— Goal of the exercise —
Below are entries. Reproduce exactly the lines between the line holding "Olympia candy-purple logo" and the line holding "COA, image 2", inclusive, and only those.

(Stored records)

◇ ◇ ◇ ◇ ◇

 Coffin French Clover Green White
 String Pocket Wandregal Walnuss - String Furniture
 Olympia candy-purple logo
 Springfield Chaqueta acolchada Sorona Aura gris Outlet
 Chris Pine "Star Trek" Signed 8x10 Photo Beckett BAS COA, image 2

◇ ◇ ◇ ◇ ◇

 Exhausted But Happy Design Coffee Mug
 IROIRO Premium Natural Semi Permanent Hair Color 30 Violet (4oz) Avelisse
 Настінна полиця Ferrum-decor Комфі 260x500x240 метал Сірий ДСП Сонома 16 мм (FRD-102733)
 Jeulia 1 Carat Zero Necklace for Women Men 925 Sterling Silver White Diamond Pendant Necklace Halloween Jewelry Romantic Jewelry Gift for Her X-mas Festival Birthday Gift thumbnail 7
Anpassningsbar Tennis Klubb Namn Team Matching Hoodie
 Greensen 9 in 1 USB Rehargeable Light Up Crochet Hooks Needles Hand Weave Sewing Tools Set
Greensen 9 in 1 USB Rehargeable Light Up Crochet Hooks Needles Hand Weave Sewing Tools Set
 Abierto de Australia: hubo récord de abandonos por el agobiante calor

◇ ◇ ◇ ◇ ◇

— Output for this task —
 Olympia candy-purple logo
 Springfield Chaqueta acolchada Sorona Aura gris Outlet
 Chris Pine "Star Trek" Signed 8x10 Photo Beckett BAS COA, image 2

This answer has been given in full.